» **YOUR OBJECTIVE**
An exact copy, beginning at the line containing "Freshly made taco with colorful toppings" and ending at the final line of the records that follow, is the answer; it has no pictures and no other text.

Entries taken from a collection

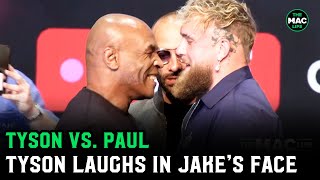 Mike Tyson Vs Jake Paul Tyson Laughs In Jakes Face Face Off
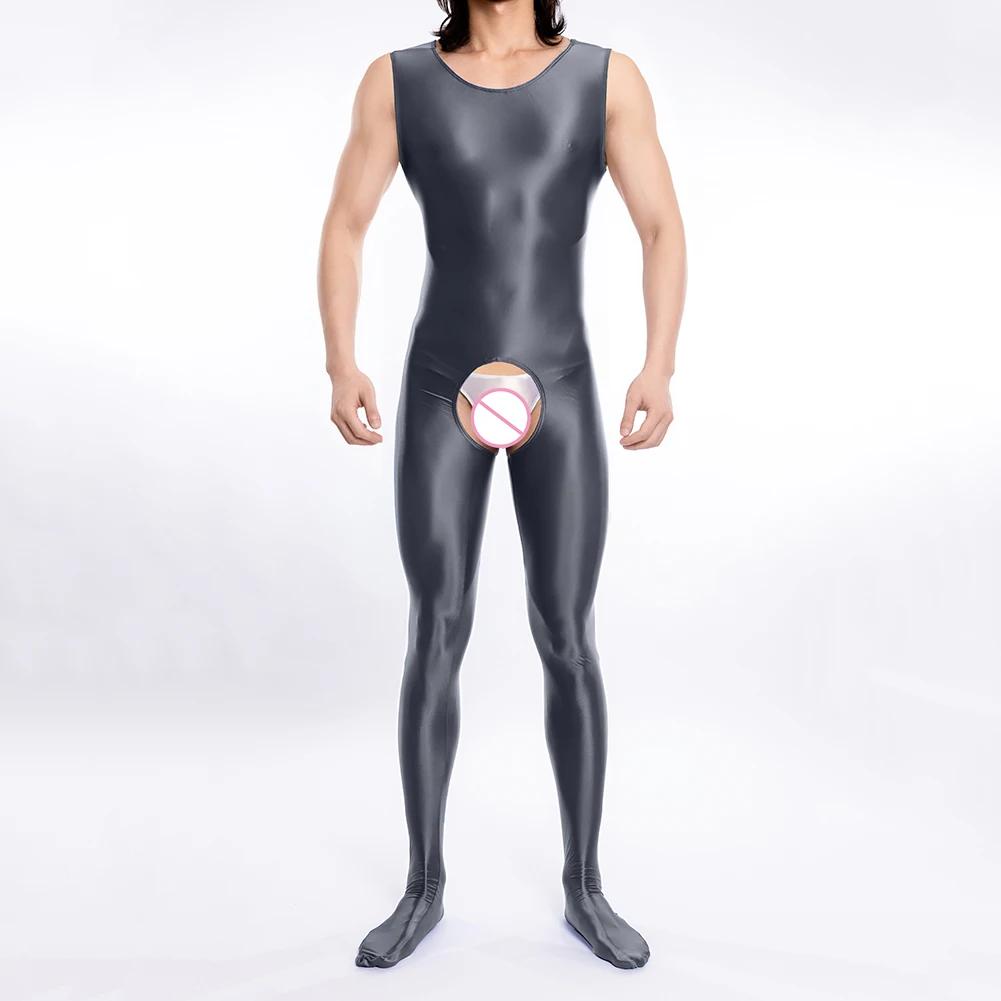Body da uomo sottile, grande, lucido, lustroso, setoso, aderente, con cavallo aperto, tuta sexy, biancheria intima intima, abbigliamento per il sesso, body da discoteca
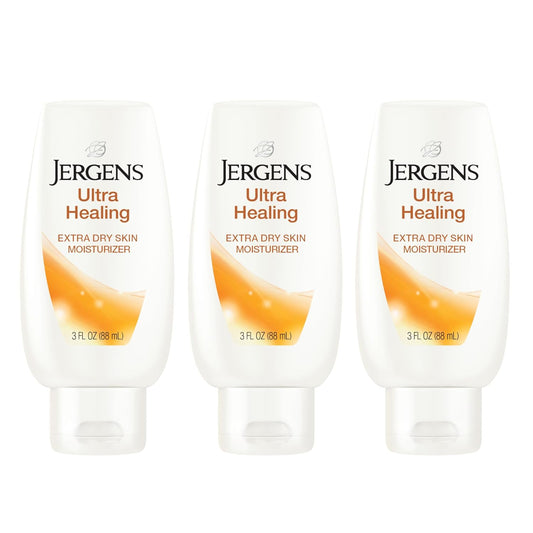 Jergens Ultra Healing Dry Skin Lotion, Hand and Body Moisturizer for Quick Absorption into Extra Dry Skin with Hydralucence Blend, Vitamins C, E and B5, White, 3 oz, Pack of 3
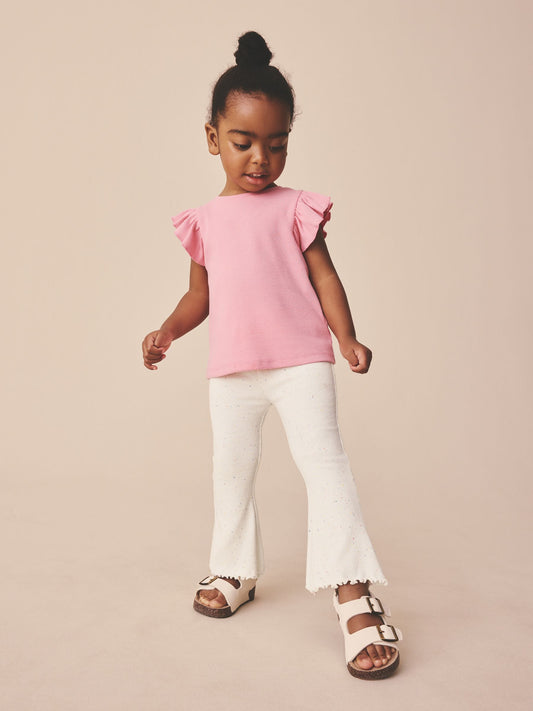Oatmarl Nep Rib Flare Leggings (3mths-7yrs) image 2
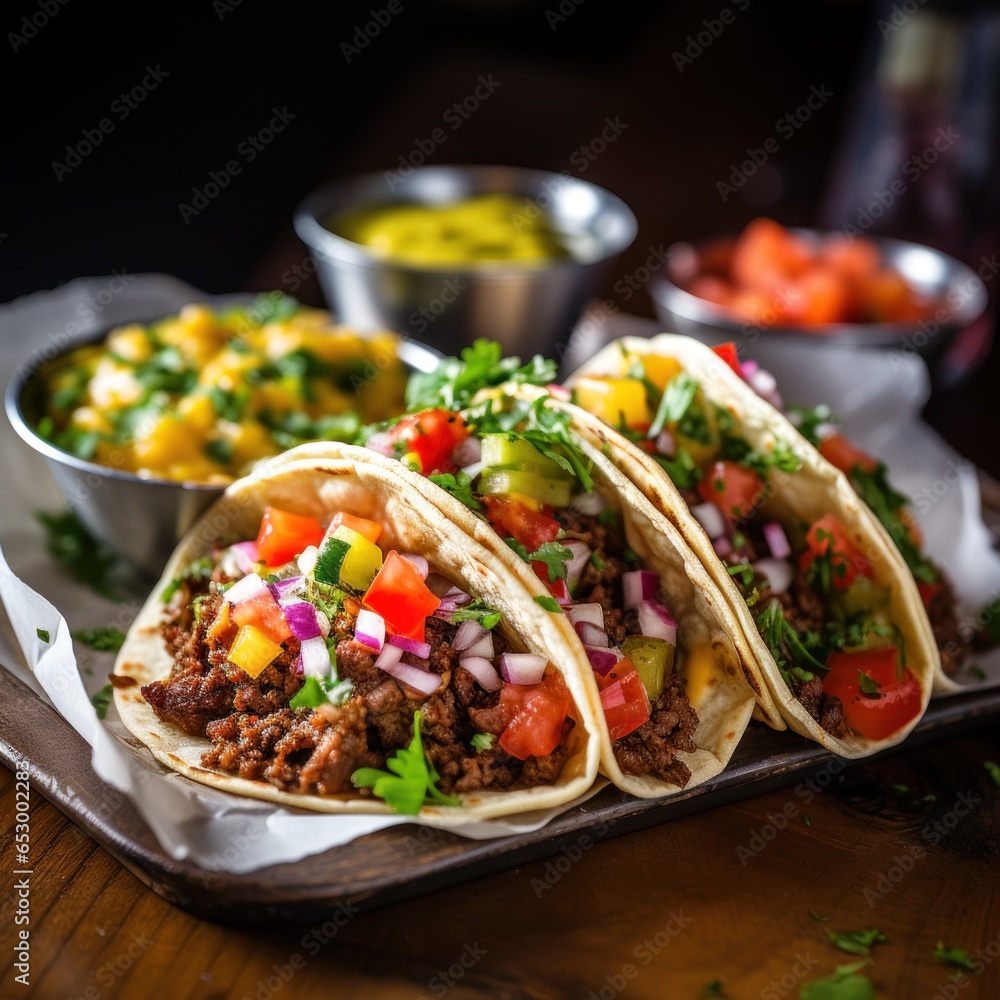 Freshly made taco with colorful toppings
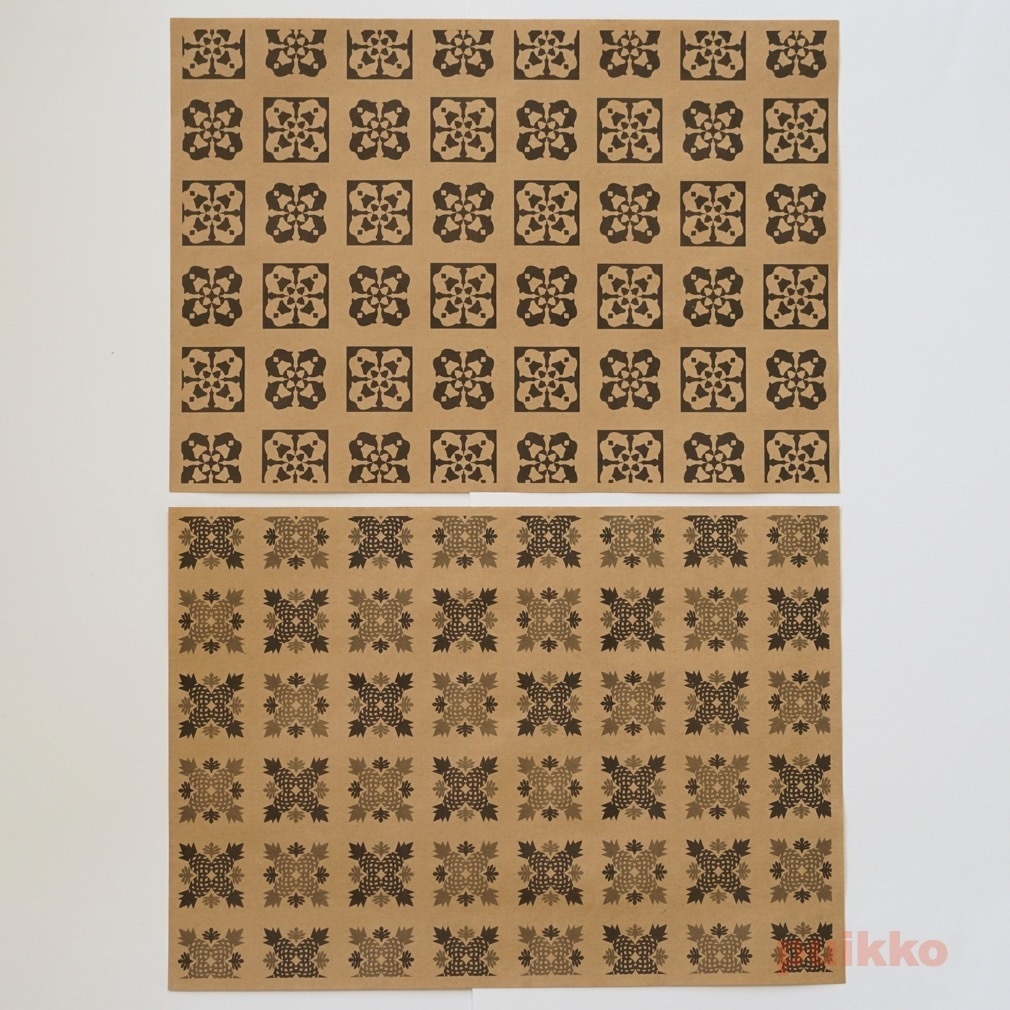 紙製ブックカバー ハワイアンキルト柄(モノクロ)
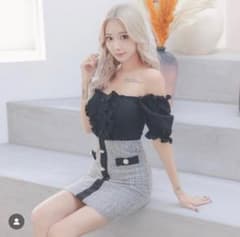 tika オフショルツイード ミニワンピース ブラックグレー 大人気商品のサムネイル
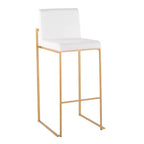 LumiSource Set di 3 Sgabelli da Bar Alti Fuji Acciaio Oro/Velluto Bianco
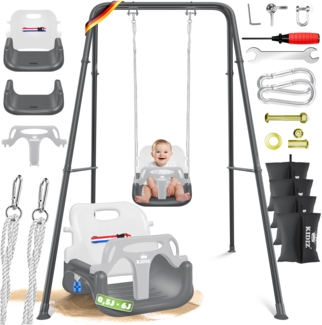 KIDIZ® Babyschaukel mit Gestell 3in1 Kinderschaukel mitwachsend für Babys ab 6 Monate & Kinder bis 10 Jahre für drinnen & draußen, bis 100kg belastbar, Schaukelgestell inkl. 4 Sandsäcke 5kg auffüllbar Hellgrau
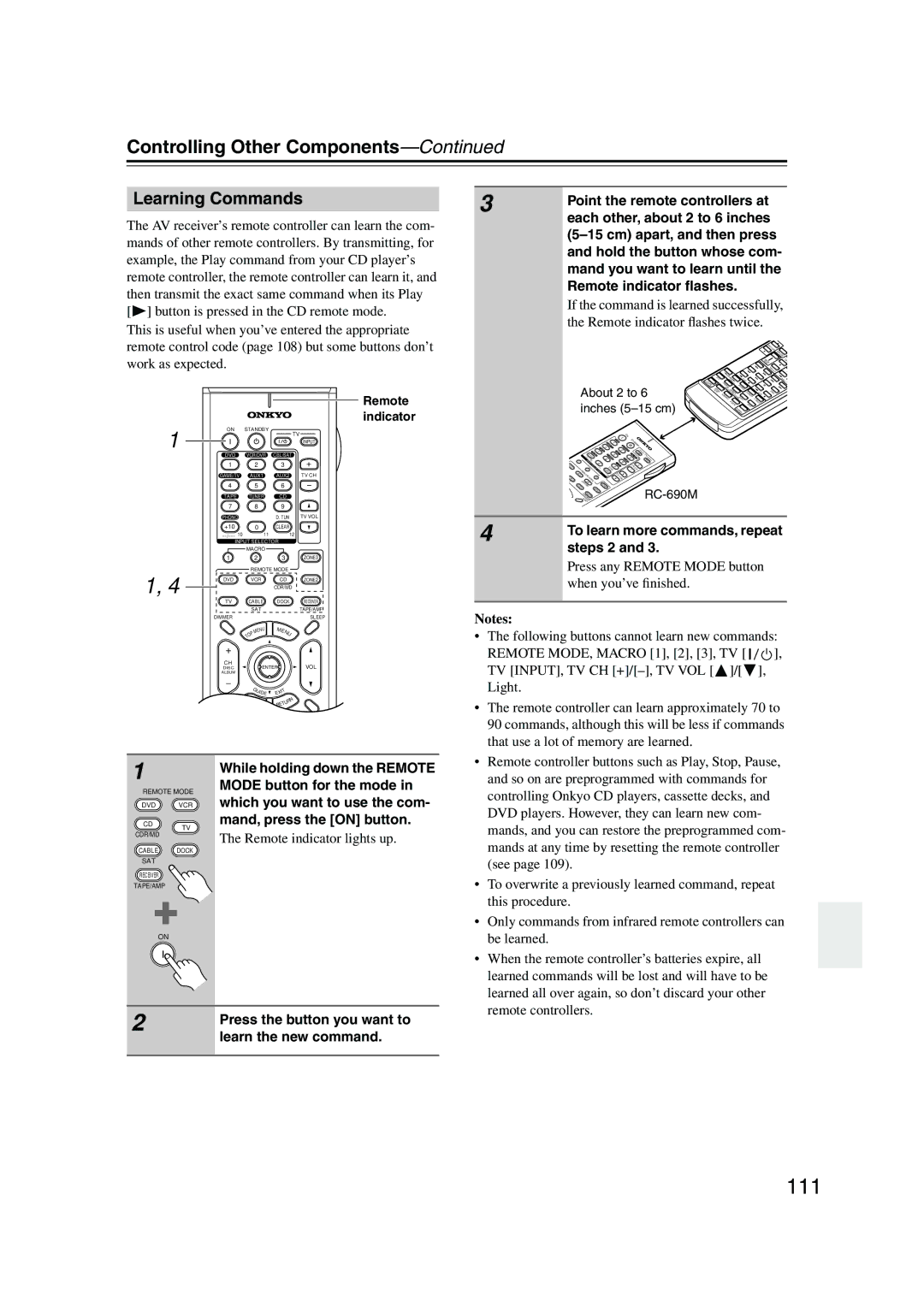 Onkyo TX-SR805, TX-SR875 instruction manual 111, Learning Commands 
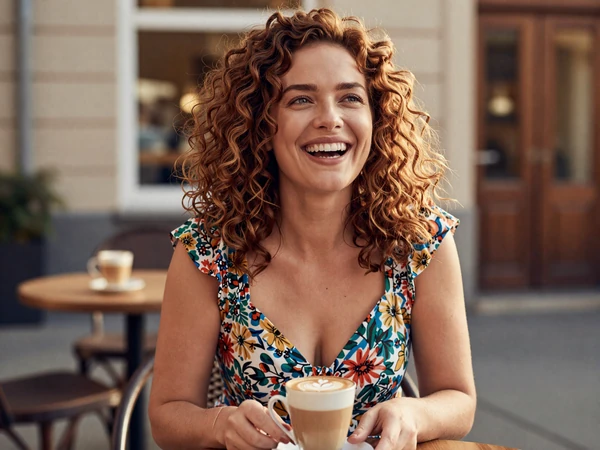 Woman in a floral dress laughing at an outdoor cafe table with a latte on a golden afternoon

» **WORKED SOLUTION**
 Freshly made taco with colorful toppings
 紙製ブックカバー ハワイアンキルト柄(モノクロ)
 tika オフショルツイード ミニワンピース ブラックグレー 大人気商品のサムネイル
 LumiSource Set di 3 Sgabelli da Bar Alti Fuji Acciaio Oro/Velluto Bianco
 KIDIZ® Babyschaukel mit Gestell 3in1 Kinderschaukel mitwachsend für Babys ab 6 Monate & Kinder bis 10 Jahre für drinnen & draußen, bis 100kg belastbar, Schaukelgestell inkl. 4 Sandsäcke 5kg auffüllbar Hellgrau
 Onkyo TX-SR805, TX-SR875 instruction manual 111, Learning Commands 
 Woman in a floral dress laughing at an outdoor cafe table with a latte on a golden afternoon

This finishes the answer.